PUC-PR Saúde - Pontifícia Universidade Católica do Paraná — Prova 2020
A lesão ulcerada péptica representa uma solução de continuidade de mucosa que ultrapassa os limites da muscular da mucosa. Ao contrário da úlcera, a erosão não ultrapassa a muscular da mucosa da parede gástrica e, em razão de seu caráter superficial, mantém elementos glandulares em sua base que favorecem uma rápida cicatrização, sem sequelas. O(s) local(is) mais comum(ns) de perfuração por úlcera péptica é(são):
Perfuração por úlcera péptica: mais comum no bulbo duodenal e pequena curvatura do antro gástrico.
A perfuração é uma complicação grave da úlcera péptica, sendo mais frequentemente encontrada no bulbo duodenal e na pequena curvatura do antro gástrico. A compreensão desses locais é fundamental para o diagnóstico clínico e radiológico, bem como para o planejamento da intervenção cirúrgica de emergência.

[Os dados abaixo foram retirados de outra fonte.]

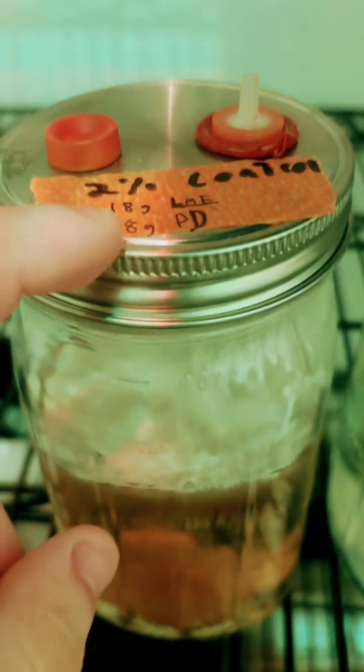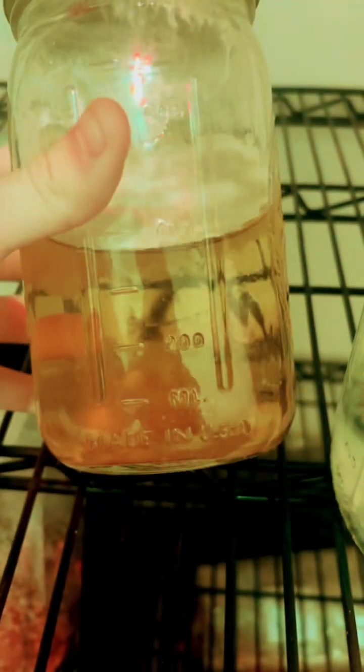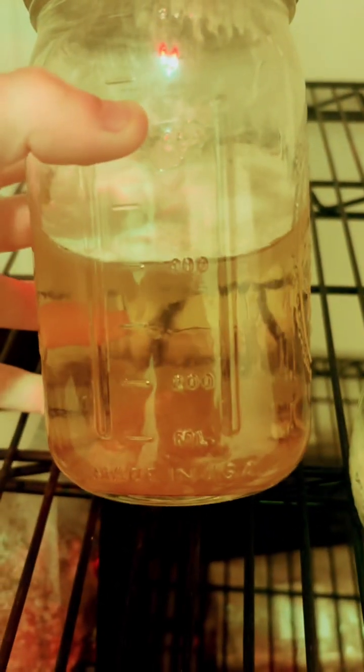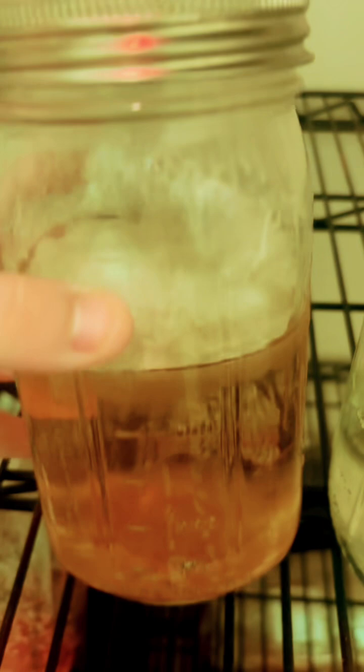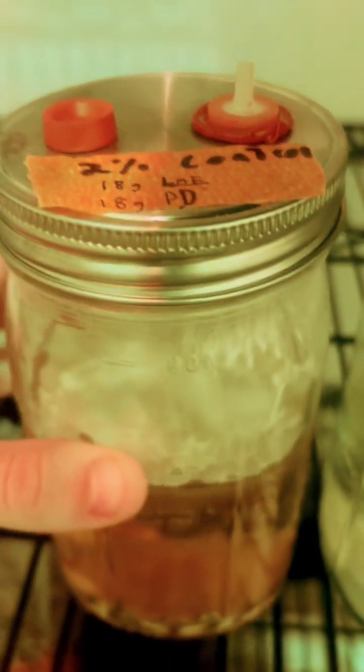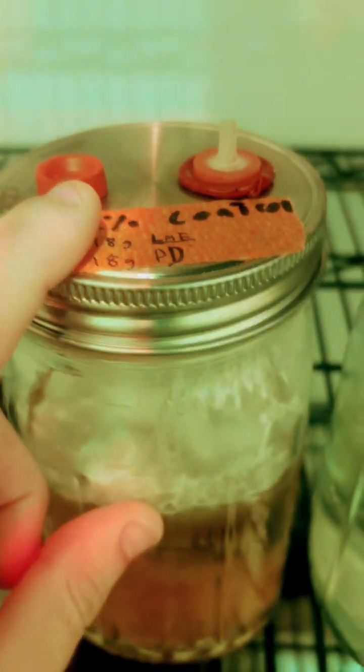So this is the 2% with our normal recipe. As you can see, this is our normal liquid culture. This has the most growth by far.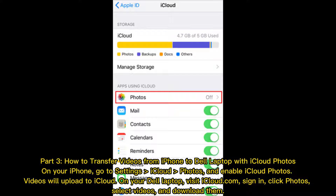Part 3: How to transfer videos from iPhone to Dell laptop with iCloud Photos. On your iPhone, go to Settings, then iCloud Photos, and enable iCloud Photos. Videos will upload to iCloud automatically.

A úlcera péptica é uma solução de continuidade da mucosa gastrointestinal que se estende além da muscular da mucosa, causada principalmente pela infecção por Helicobacter pylori e pelo uso de anti-inflamatórios não esteroides (AINEs). As complicações incluem hemorragia, perfuração e obstrução. A perfuração é uma emergência cirúrgica grave, com alta morbimortalidade se não tratada prontamente. Anatomicamente, as úlceras pépticas são mais comuns no duodeno (especialmente no bulbo duodenal) e no estômago (principalmente na pequena curvatura do antro gástrico). Consequentemente, esses são os locais mais frequentes de perfuração. A perfuração ocorre quando a úlcera erode completamente a parede do órgão, permitindo o extravasamento do conteúdo gastrointestinal para a cavidade peritoneal, resultando em peritonite química e, posteriormente, bacteriana. O diagnóstico de úlcera péptica perfurada é clínico, com dor abdominal súbita e intensa, e confirmado por exames de imagem, como radiografia de tórax e abdome (que pode mostrar pneumoperitônio) ou tomografia computadorizada. O tratamento é cirúrgico de emergência, geralmente com rafia simples da perfuração e omentoplastia, seguido de tratamento da causa subjacente da úlcera (erradicação do H. pylori ou suspensão de AINEs). O prognóstico depende da rapidez do diagnóstico e da intervenção, bem como da condição clínica geral do paciente.
A úlcera péptica é uma lesão que ultrapassa a muscular da mucosa, atingindo camadas mais profundas da parede gastrointestinal. A erosão, por outro lado, é uma lesão superficial que não ultrapassa a muscular da mucosa e, por isso, tende a cicatrizar mais rapidamente e sem sequelas.
Essas regiões são as mais frequentemente afetadas pela úlcera péptica devido à maior exposição ao ácido gástrico e à pepsina. A pequena curvatura do antro gástrico é um local comum para úlceras gástricas, e o bulbo duodenal é o sítio mais frequente para úlceras duodenais, que são mais prevalentes que as gástricas.
Os sinais e sintomas incluem dor abdominal súbita e intensa, geralmente em 'punhalada', que se espalha por todo o abdome, rigidez abdominal (abdome em tábua), febre, taquicardia e sinais de choque. A presença de pneumoperitônio na radiografia abdominal é um achado clássico.